This car was too small, there was no getting away from him, there was no getting away from this. Not ever. How had he purchased such a small car? Was the roof shrinking? Had the dash always been so close to me, was there still a back seat behind us or was it all just closing in on me. "I want you to let Charlie take Nigel's last name."

He stopped the car and got out. I didn't move, suddenly the car was huge, the quiet everlasting, so quiet my own erratic breathing sounding loud as though it were screams instead. He opened my door. I stared at him, unmoving, looking past him I saw water. A bridge.

The sun of a bitch was going to throw me off a bridge! He wasn't going to let Nigel have Charlie and I was the one trying to force him to. He waited for me to get out but I didn't, after long, many long moment he took my arm and I yelped.

"Get out of the car Katherine."

"No!" I opened the glove box to see if there was a gun. It was Alessio's car after all, there was of course one.

"What are you doing?" He wasn't alarmed or perplexed. He was perfectly calm still waiting my exit.

"I'm going to shoot you!"

"And I'm the dangerous one." He chuckled.

"You're trying to throw me off a bridge!"

His lip twitched and then pursed slightly, he was fighting to keep a smirk away.

"This is so not funny."

"I didn't say it was."

"Your face said it all!"

"My face said absolutely nothing Katherine."

I poked him in the chest with a gun, fear somewhat subsided to let annoyance take over. "Back up or I'll shoot."

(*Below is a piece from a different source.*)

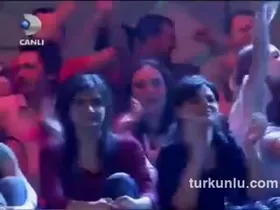 Tuğba Ekinci – seksi videoları – Disko Kralı - Turkunlu üzerinde izle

"Sweetheart, I would love to see you try."

"You taught me, I don't miss."

"Neither do I." He said and with an easy and swift motion he had my wrist, the gun fired twice involuntarily to the sky and then fell to the ground. "Get out." He said again this time not hiding his smirk.

I grunted and he leaned into the car to unbuckle me, still holding my wrist with one hand his clean shirt brushed against the dried sauce on my own shirt as our bodies were far, far too close to each other at this moment.

"Come on." He said pulling me out of the car. I struggled against him, not willing to go down without a fight I kept away from the edge of the bridge and remained with me butt against the car trying to keep him from getting away with me. "Come on, admit it-" He said taking my other wrist, they danced around in the air as I tried to pull away or find the strength to over power and punch him. He moved his knee just at the perfect timing to prevent me from kneeing him in the groin and instead pinned my knee between his legs. "-this is fun." He finished his sentence and I wished I could strangle him.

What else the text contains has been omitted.